Snobbery comes in many forms. It can be because someone feels superior because he or she comes from a particular social background or a branded school, college, university and profession. Or it can be because you feel superior to those who can’t speak English or, even if they can, their accent is different. It can be because you happen to hold particular political views. Or because you wear certain fabrics. Or because you drink only certain whiskies and eat only salmon. And often because of where you live.
There are many institutions that encourage snobbery. A ‘St’ something as the name of your school and college is still preferred. One well-known British university is a terrible offender in this regard. It has four castes: undergraduates, post-graduates, doctoral candidates and foreigners. And this is in the descending order. I was astonished to hear this. They said we don’t know where the last three come from but undergraduates, we choose them, they are the crème de la crème.
The worst, of course, are people like me who combine all of these things, except maybe one or two. But I make no bones about it: I am a snob who feels others should be grateful if I allow them to befriend me. I reserve this attitude, however, only for men. So imagine my chagrin when the other day I not only met an even bigger snob than me but also two women who had been in my class in college who said I had been insufferable in those days. It dented my self-image.
I am a snob who feels others should be grateful if I allow them to befriend me. I reserve this attitude, however, only for men.
The fellow who was an even bigger snob than I sniggered when I told him I lived in Gurgaon which is adjacent to Delhi but in Haryana. “Oh, the suburbs,” he said. His meaning was clear: you didn’t count if you didn’t live in Delhi. He then asked me about my “dwelling unit”. I said you first, tell me about yours. It turned out he lived in a very posh but very crowded area in a very tiny flat in a low-rise building. I told him I lived in a three-storey house with a large garden in a compound that resembled a forest. But I don’t think he cared about all that. A 1,200 square foot flat with a carpet area of 1,000 in South Delhi was his idea of social superiority even if you couldn’t park a cycle anywhere.
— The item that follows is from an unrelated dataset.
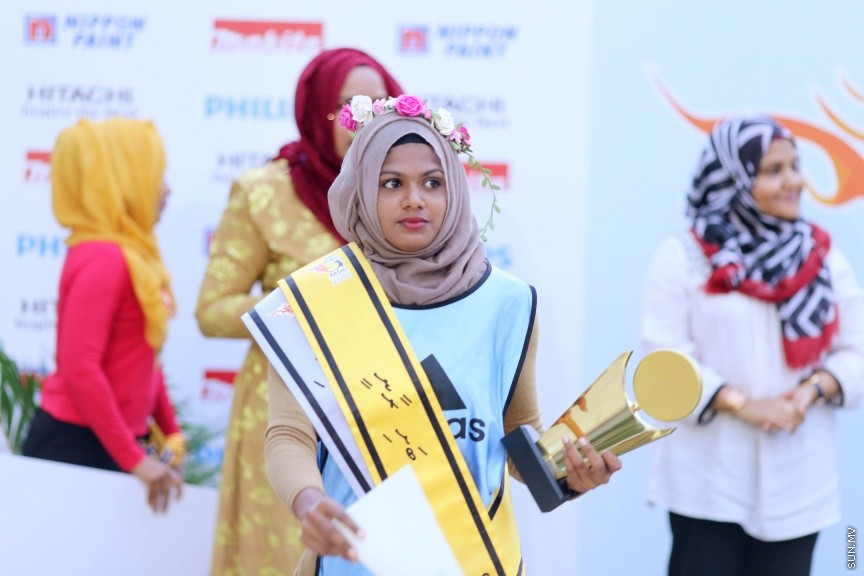 ނޮވެމްބަރ 27، 2016: އެސްޓީއޯ ހޯމް އިމްރޫވްމަންޓް ބަށިބޯޅަ މުބާރާތުގެ ބަށި ރާނީއަކަށް ހޮވުނު ލުބްނާ --- ސަން ފޮޓޯ/ ފަޔާޒް މޫސާ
When I told my wife this, she said I was exactly like that because of my background, education and job. “You are poor as a church mouse but a snob nonetheless.” Cruel woman… but, as the Bard wrote in his play, “an ill-fav’d thing, my Lord, but mine own.”
As to the two classmates, their grievance was that I didn’t talk to them back then. But I know the truth. It wasn’t snobbery, it was just plain old shyness. And also, I must admit, an absolute lack of interest in what the girls had to say. To date, I have no idea what teenage girls talked about. So bored by them yes; snob never. Not with girls.
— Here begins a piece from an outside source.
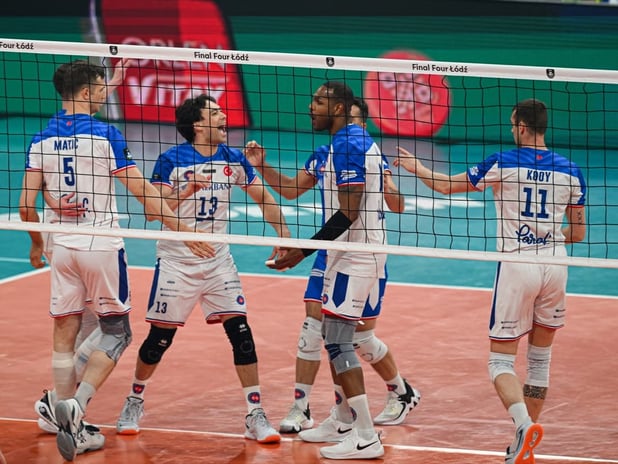 CEV Şampiyonlar Ligi'nde yarı finalde Perugia'ya 3-0 mağlup olan Halkbank, bronz madalya için sahaya çıkacak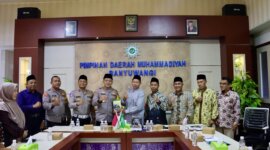 Kapolresta Banyuwangi Kombespol Rama Samtama Putra silaturahmi ke PD Muhammadiyah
Since then, I have thought long and deep about snobbery. Is there a descending order of things that grades your snobbery? How many attributes must you have to be a complete snob? And how do you tell if a snob is just pretending, you know, faking it like those chaps who serve cheap alcohol in costly discarded bottles? Is class more important than caste? Why doesn’t a person’s religion induce snobbery? Skin colour, of course, is a sure-fire inducer of superiority and inferiority. And so on. There are so many questions, so few answers.